DATA:
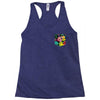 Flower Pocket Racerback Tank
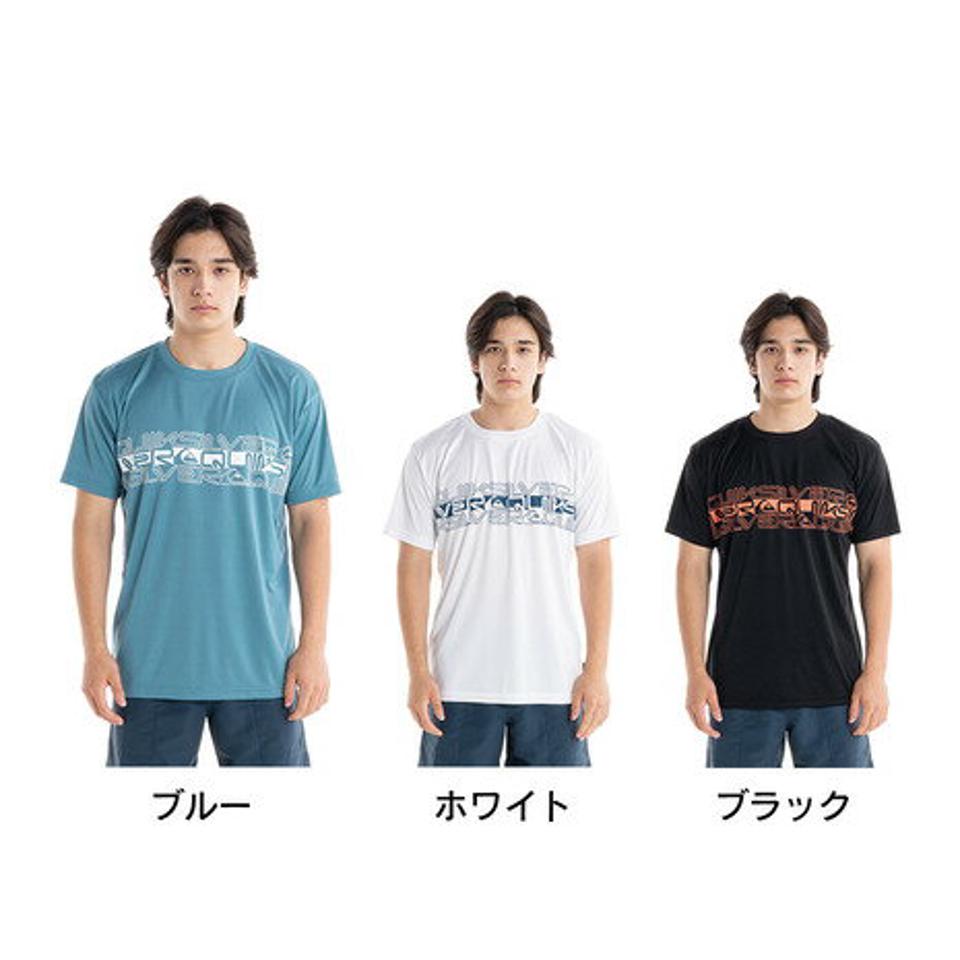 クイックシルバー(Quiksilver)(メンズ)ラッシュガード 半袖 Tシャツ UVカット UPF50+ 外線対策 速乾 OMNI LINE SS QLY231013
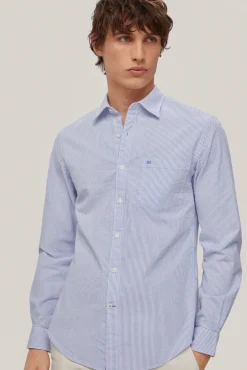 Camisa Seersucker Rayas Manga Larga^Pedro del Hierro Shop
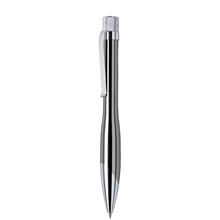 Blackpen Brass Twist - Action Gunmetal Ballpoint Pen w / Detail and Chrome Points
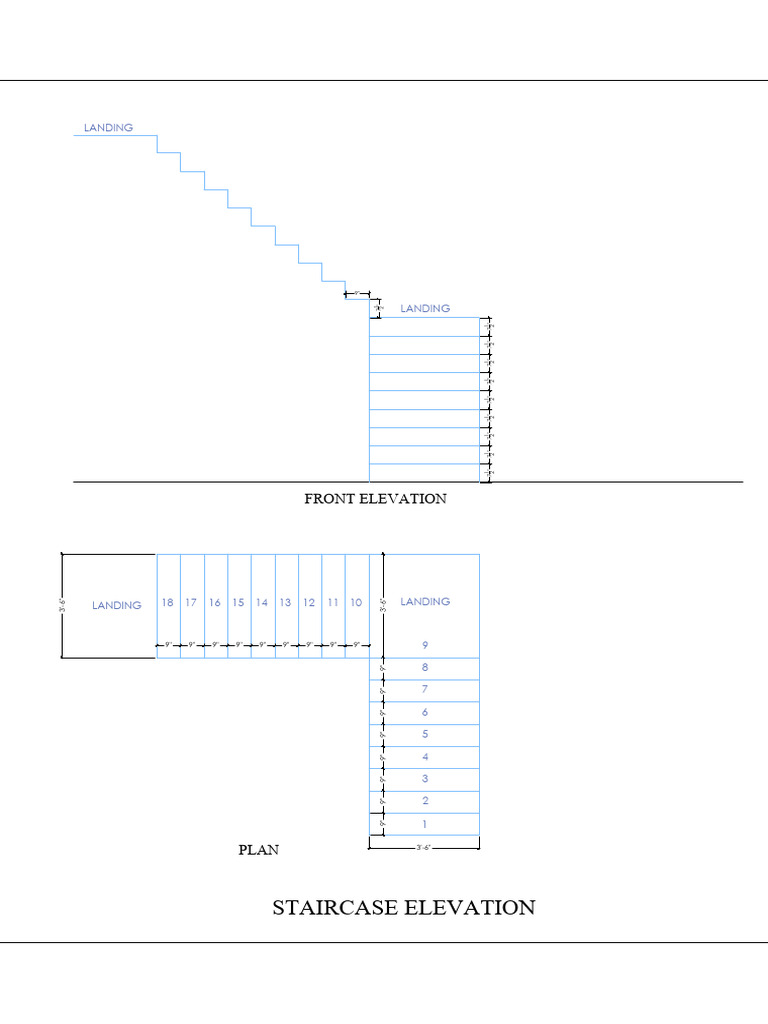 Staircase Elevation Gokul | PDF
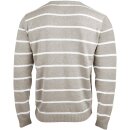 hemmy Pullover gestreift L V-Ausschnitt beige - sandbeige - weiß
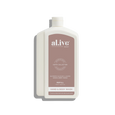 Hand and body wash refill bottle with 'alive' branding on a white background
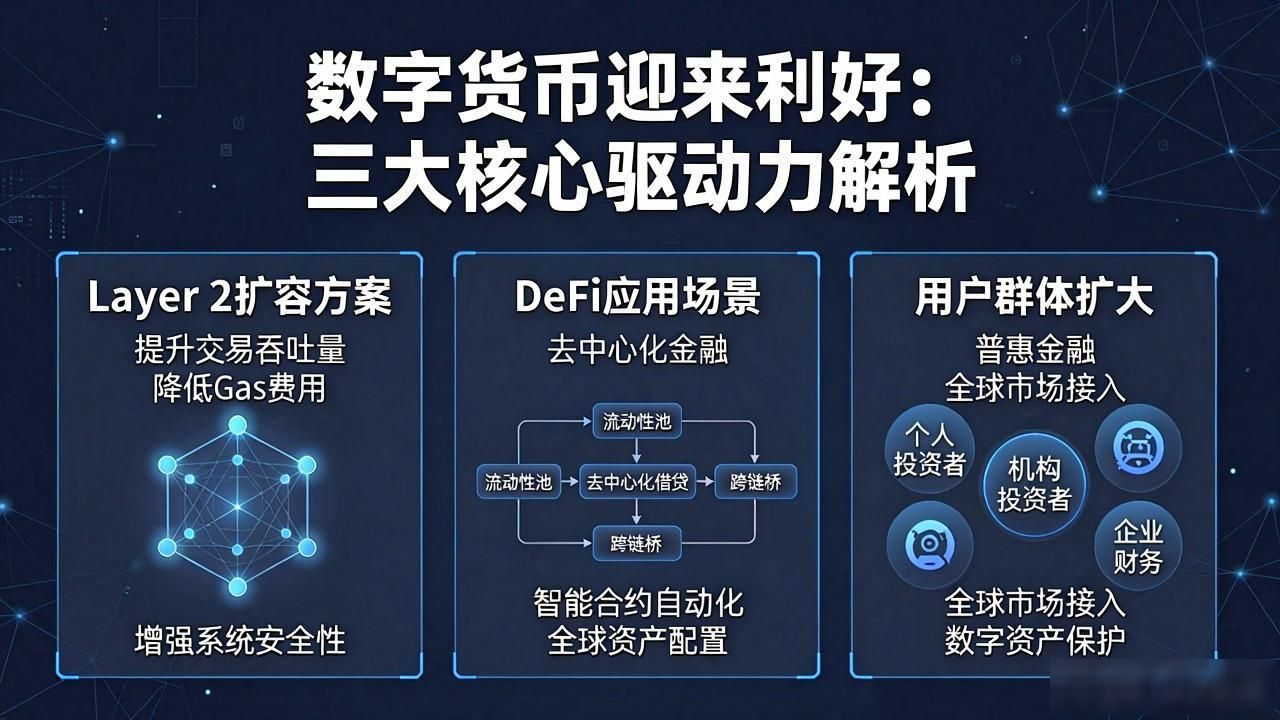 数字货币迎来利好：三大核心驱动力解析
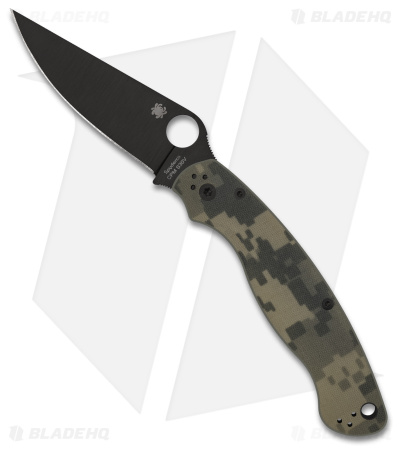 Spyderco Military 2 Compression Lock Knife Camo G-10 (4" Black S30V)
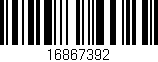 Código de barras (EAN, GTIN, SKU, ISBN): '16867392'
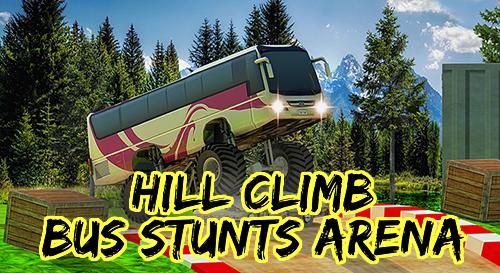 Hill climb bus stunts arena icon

WHAT TO WORK ON: What you return should be the exact lines from the one containing "Spyderco Military 2" through the end of the listing above, both included, minus any pictures.

SOLUTION TO THIS TASK:
 Spyderco Military 2 Compression Lock Knife Camo G-10 (4" Black S30V)
 Código de barras (EAN, GTIN, SKU, ISBN): '16867392'
 Hill climb bus stunts arena icon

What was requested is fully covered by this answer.